■ **Task material**:
◇ ◇ ◇ ◇ ◇
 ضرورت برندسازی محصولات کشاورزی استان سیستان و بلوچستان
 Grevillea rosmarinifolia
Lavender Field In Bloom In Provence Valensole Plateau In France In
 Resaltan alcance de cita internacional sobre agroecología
◇ ◇ ◇ ◇ ◇
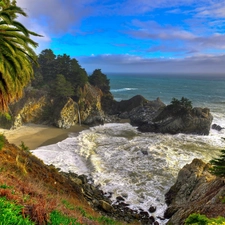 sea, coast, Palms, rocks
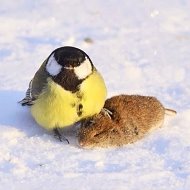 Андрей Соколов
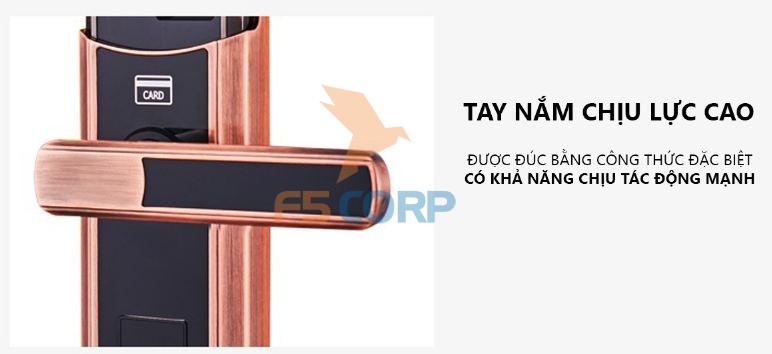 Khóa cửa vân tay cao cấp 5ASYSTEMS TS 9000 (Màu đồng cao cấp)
◇ ◇ ◇ ◇ ◇
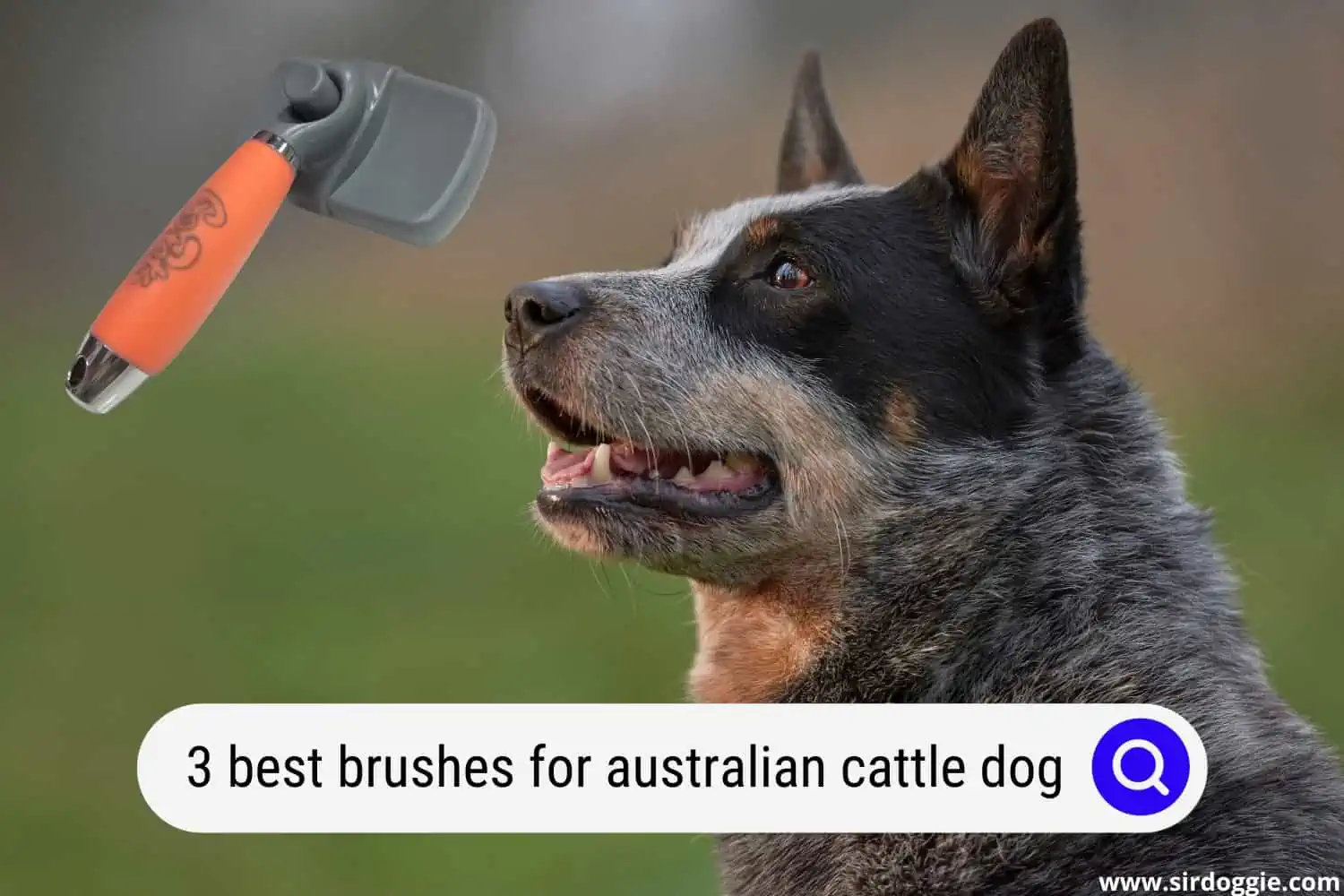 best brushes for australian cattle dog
◇ ◇ ◇ ◇ ◇
■ **What to do**: Although the records above contain pictures, the copy should not; retype exactly the lines from the one containing "sea, coast, Palms, rocks" through the one containing "Khóa cửa vân".

■ **Output below**:
 sea, coast, Palms, rocks
 Андрей Соколов
 Khóa cửa vân tay cao cấp 5ASYSTEMS TS 9000 (Màu đồng cao cấp)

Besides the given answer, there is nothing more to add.